The story of “Too Close” is a more boring, cynical version of the story of “Gangnam Style” — a song that came to ubiquity in a non-radio context and eventually elbowed its way to the top of the charts through sheer force of will by some party or another. But where “Gangnam Style” is an off-script phenomenon, buoyed not by PR or A&R or any other combination of letters, but by a genuine mass consensus of approval for Psy’s particular brand of swag, “Too Close” is the result of a single, unavoidable, please-kill-it-now piece of advertising that bored itself into our collective consciousness so deeply that all we can do at this point is throw up our hands and say, “Sure, whatever, this should be a hit song.”

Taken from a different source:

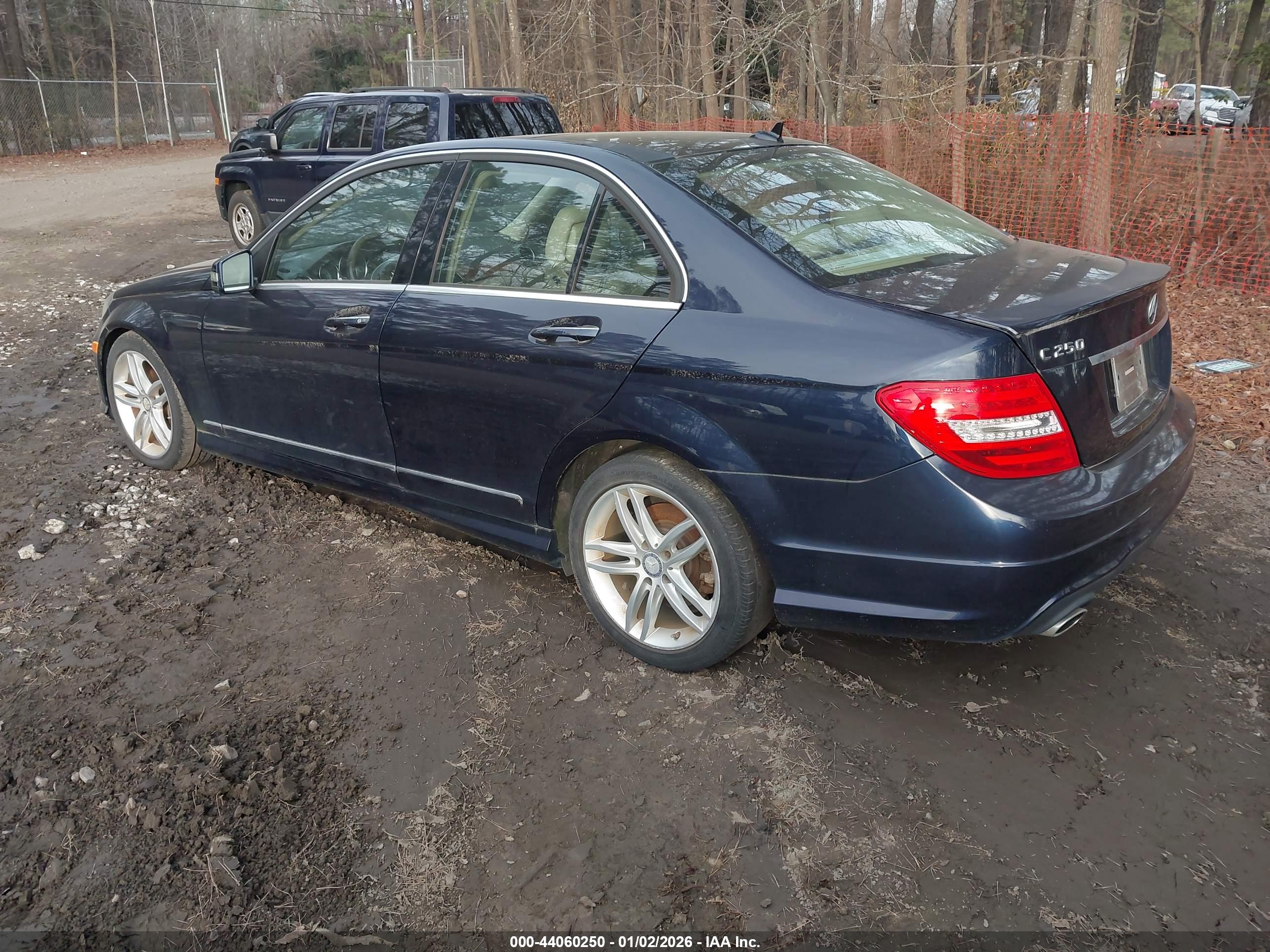 MERCEDES-BENZ C-CLASS image 3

There is nothing inherently wrong with a band getting exposure via TV spots. Feist for iPod? Cute! Phoenix for Cadillac? Exciting! (I am always a fan of pop songs in car commercials, maybe because I associate music so much with driving already.) And while those examples are for relatively chic products that don’t do much damage to whatever illusions we have about the artists’ immortal coolness, I still don’t think I would be too disappointed to hear, say, Purity Ring on a Scrubbing Bubbles commercial. (Maybe in conjunction with an eponymous self-cleaning toilet bowl attachment.)
But there are two reasons why “Too Close” is an exception to my usually charitable attitude toward what many would dismiss as “selling out” (or something equally ill-defined). First of all, we here in the States don’t even know who “Alex Clare” is, really. (British singer/songwriter, ginger, dated Amy Winehouse for a year. There, you’re up to speed.) So it’s not really “selling out” so much as it’s “selling up,” if you will. There’s really no serious résumé for Clare prior to 2011, which makes me think that his more folk-oriented music career was kind of a non-starter for a while there. So he did what any struggling craftsman does in desperate times: He got Diplo to produce his album! Relevance: created. Microsoft licensing deal: signed. Charts: topped.
Production notes:
Yup, that’s right, this is a Diplo/Major Lazer joint. How do you feel about that? Considering that I had been under the assumption that the dubstep beat was commissioned by Microsoft pro bono by some rave-going early-twenties IT drone in Redmond, I feel weird about it. Now I’m wondering if Diplodocus just has a secret flash drive buried in his backyard full of prefab wobbles for whenever the next Fortune 500 company needs to sell some phones/socks/electrolyte-enhanced beverages.
Lyrical notes:
I don’t think I like dubstep songs with actual, non-distorted singers and lyrics. The wub-wubs are the lyrics! You wouldn’t throw a Christina Aguilera vocal track over a Brahms concerto, would you? Maybe you would.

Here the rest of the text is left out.